Geron kauft die Dolly-Technik
Sammeln von Patenten und Techniken für das Geschäft mit dem menschlichen Ersatzteillager
Nachdem das Roslin-Institut bereits letztes Jahr im Zuge der Erfolge der Klonierungstechnik, mit der Dolly geschaffen wurde, das Roslin Bio-Med gegründet hatte, um die Zukunftstechnik richtig vermarkten zu können, ist es jetzt vom biopharmazeutischen Konzern Geron aufgekauft werden, der Patente sammelt, um im Geschäft mit biotechnologisch hergestellten Ersatzteilen für den Menschen ganz vorne zu stehen.
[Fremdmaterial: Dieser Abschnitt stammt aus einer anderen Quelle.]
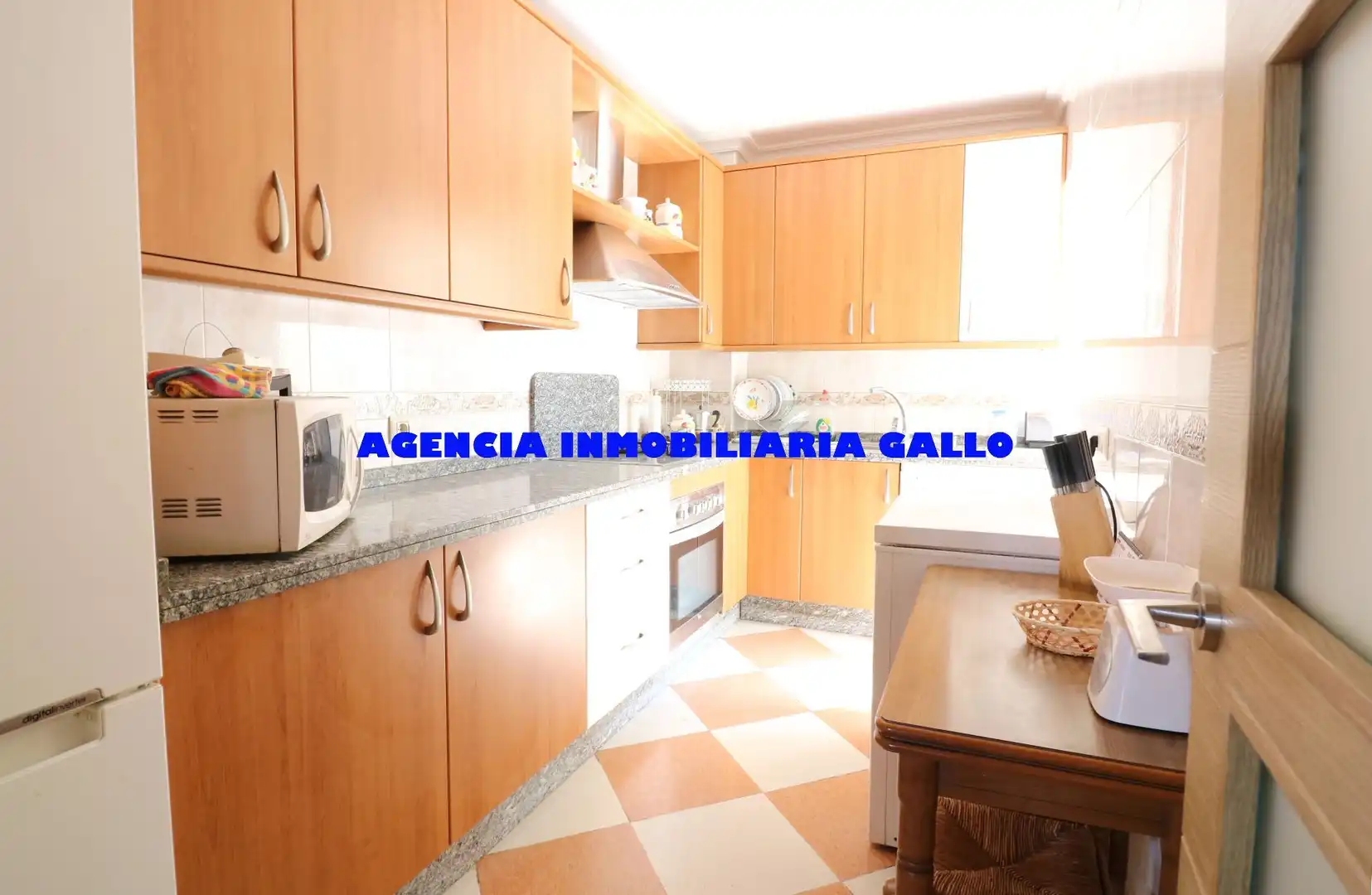 Kitchen of Flat for sale in Sevilla  with Air Conditioner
Geron besitzt bereits zwei entscheidende Techniken. Letztes Jahr ist es gelungen, menschliche Stammzellen zu züchten, aus denen sich im Prinzip jedes Gewebe und jedes Organ entwickeln kann, und man steht ganz vorne an der Front bei der Erforschung der Telomerase, einem Enzym, das es Zellen erlaubt, sich öfter und vielleicht auch unendlich weiter zu replizieren, weswegen es von manchen auch als das "Unsterblichkeitsenzym" bezeichnet wurde. Geron konnte die Komponenten der menschlichen Telomerase klonen. Zu den vielen Patenten aus diesen beiden Grundtechniken kommt jetzt noch die Übertragung des Zellkerns, wie sie von Ian Wilmut und seinen Kollegen am Roslin Institut entwickelt wurde. Dolly wurde mithilfe des Zellkerns einer ausgewachsenen Zelle geschaffen, der in eine entkerne Einzelle eingeführt wurde. Mit dieser Technik ließe sich aus den Zellen eines Menschen genetisch identische Tiere oder eben auch menschliche Zellen schaffen, die vom Immunsystem bei der Transplantation nicht abgestoßen werden.
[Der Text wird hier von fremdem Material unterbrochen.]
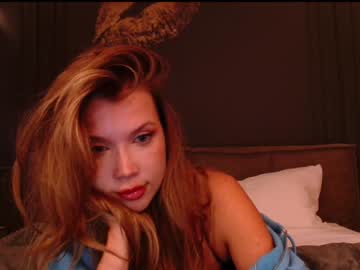 webcam girl bitter_moon live cam image #5894215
Die Kombination dieser drei sich ergänzenden Techniken eröffnet ein breites Band an Möglichkeiten für die Transplantationsmedizin, die Herstellung von menschlichen Ersatzgewebe, die Behandlung von alterungsbedingten Krankheiten oder gar die Lebensverlängerung. Während Stammzellen sich praktisch zu allen Zellen entwickeln können, deren Lebensdauer durch Telomerase verlängert wird, ließe sich mit der Übertragung des Zellkerns die Abstoßung verhindern. Geron denkt beispielsweise an die Herstellung von Zellen, die Insulin produzieren, an Zellen vom Herzmuskel, von der Leber, vom Blut, von Knochen, Augen oder Haut. Die biotechnologisch geschaffenen Zellen könnten nicht nur in den menschlichen Körper eingesetzt werden, mit ihnen ließe sich auch die Wirksamkeit von pharmazeutischen Produkten oder von Giften testen, aber auch ein in vivo Modell zur Entwicklung von neuen pharmazeutischen Produkten schaffen. Ian Wilmuth, der am Verkauf nicht schlecht verdient, meint: "Schon für sich haben menschliche Stammzellen, Telomerase-Expression und Übertragung des Zellkerns das Potential, unsere Möglichkeiten, viele Krankheiten zu behandeln und selbst zu heilen, entscheidend zu vergrößern. Zusammen wird dieses Potential noch sehr viel größer."
Roslin Bio-Med wird durch den Kauf zu einem Tochterunternehmen von Geron und erhält den neuen Namen Geron Bio-Med. Geron sicherte 20 Millionen Dollar an Forschungsgeldern für die nächsten sechs Jahre zu. Die Vereinigung der beiden Firmen "mit bedeutendem geistigem Eigentum an komplementären Techniken" verspricht nach Ronald Eastman, dem Präsidenten von Geron, die Möglichkeit eines medizinisches Durchbruches. Man werde weitere Kooperationen mit Instituten und Firmen suchen, um die Anwendungen der Techniken zu erweitern. Man sei sich überdies der ethischen Probleme bei diesen Techniken bewußt, werde sie verantwortlich einsetzen und unterstütze überdies das gegenwärtige Verbot, Menschen zu klonen. Roslin Bio-Med wurde vom Roslin Institut auf der Grundlage einer exklusiven Lizenz gegründet, die Technik der Übertragung des Zellkerns für alle biomedizinischen Anwendungen bei Tieren und Menschen zu entwickeln, aber keine Menschen zu reproduzieren. Allerdings hatte Wilmuth zu Beginn des Jahres davon gesprochen, doch auch menschliche Embryonen klonen zu wollen. Die Lizenz zur Herstellung von therapeutischen Proteinen etwa in der Milch von transgenen Kühen wurde schon zuvor an PPL Therapeutics verkauft.